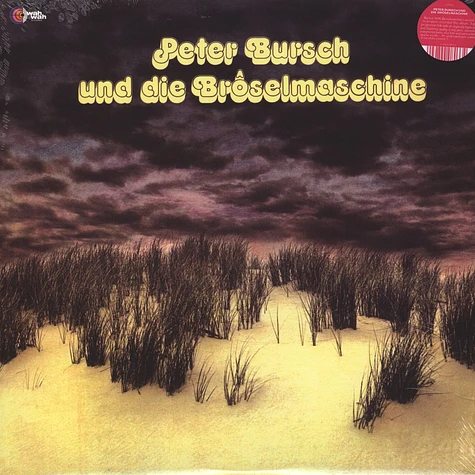 Peter Bursch Und Die Bröselmaschine - Peter Bursch Und Die Bröselmaschine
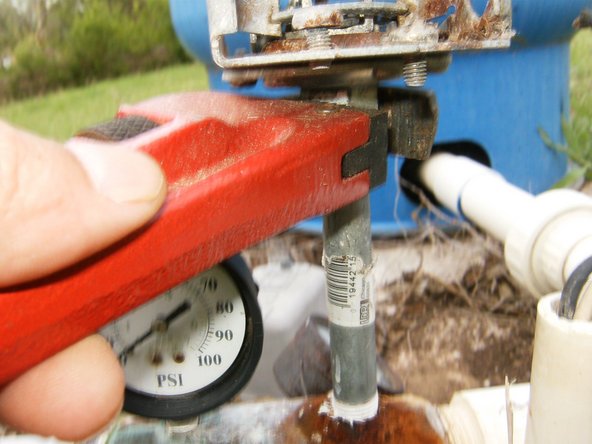 Well Pump  Pressure Switch Replacement: crwdns2935265:03crwdnd2935265:03crwdnd2935265:03crwdne2935265:0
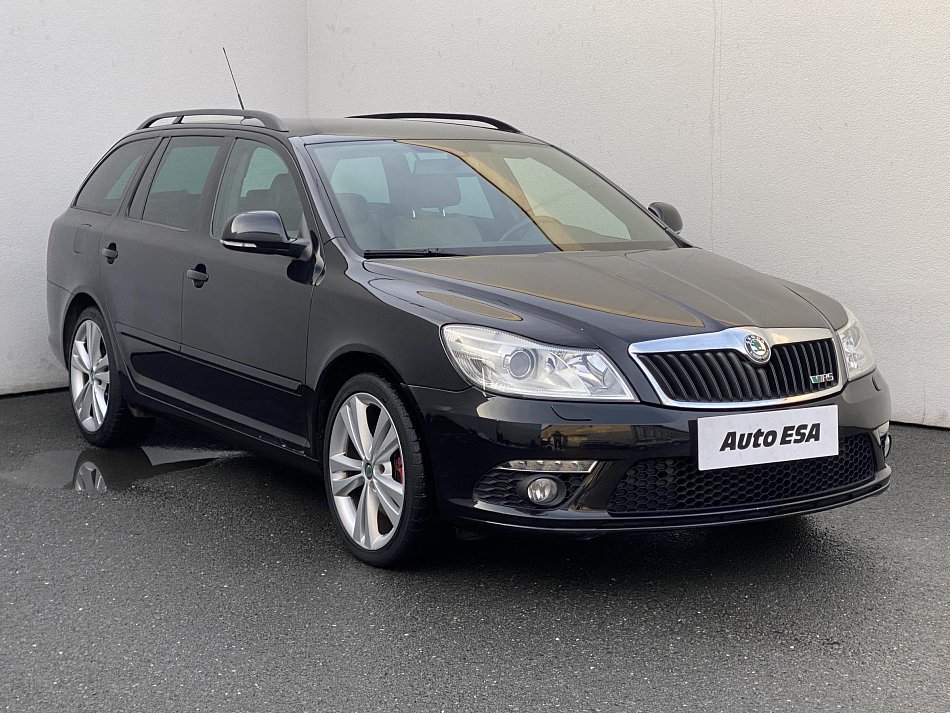 Škoda Octavia II 2.0 TDi 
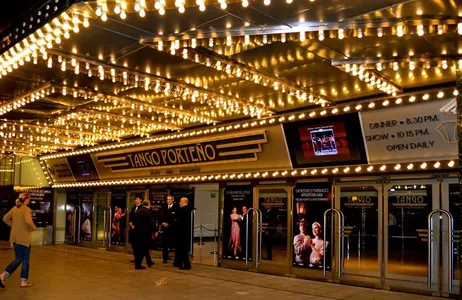 Buenos Aires Ticket Tango Show at Tango Porteño, a Journey to the Golden Age of Tango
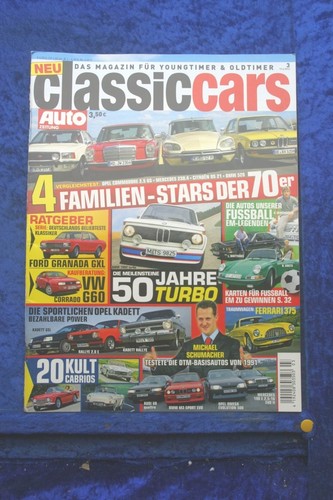 Classic cars 2002 - classic, turbo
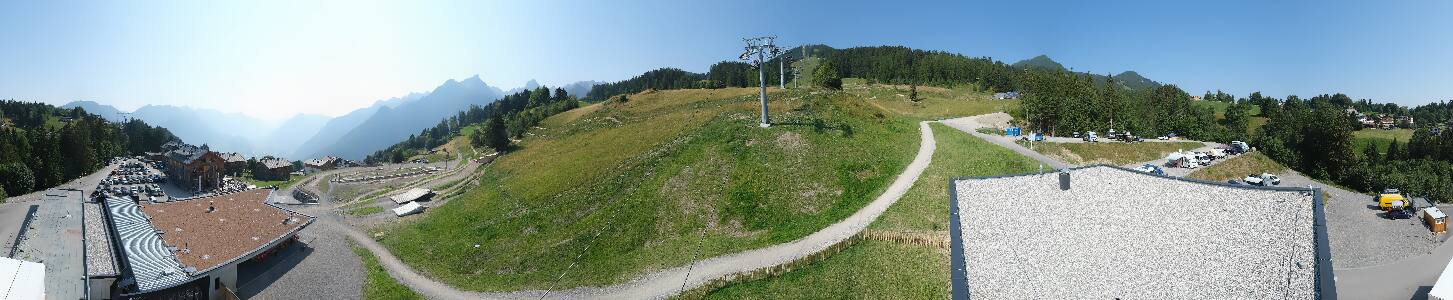 Bikepark Brandnertal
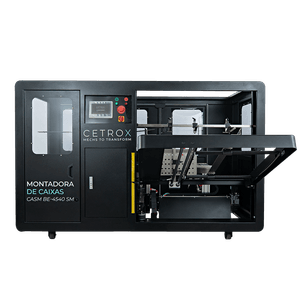 Montadora de Caixas CASM BE-4540 SM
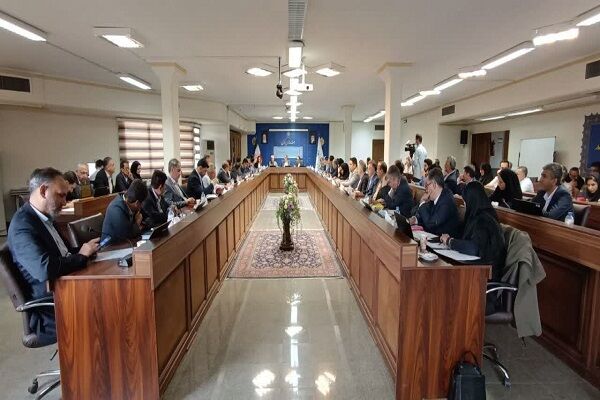 جلسه شورای مسکن استان مرکزی برگزارشد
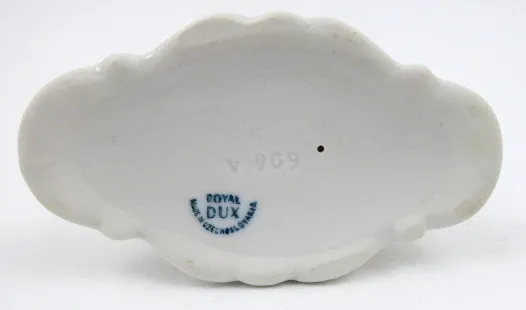 Royal Dux, Duchcov – Srnka - 4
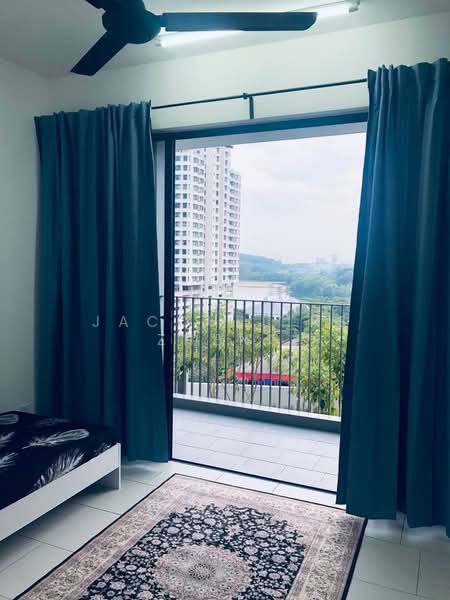 Servis Apartment untuk Disewa di Astetica Residences - Jacqueline Zheng - Bedroom - PropertyGuru.com.my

-*-*-

◆ DIRECTIONS FOR THIS TASK ◆
Each line from the one with "Royal Dux, Duchcov – Srnka - 4" to the end of the material needs to be output word for word, with no picture included.

◆ ANSWER TO THIS TASK ◆
 Royal Dux, Duchcov – Srnka - 4
 Servis Apartment untuk Disewa di Astetica Residences - Jacqueline Zheng - Bedroom - PropertyGuru.com.my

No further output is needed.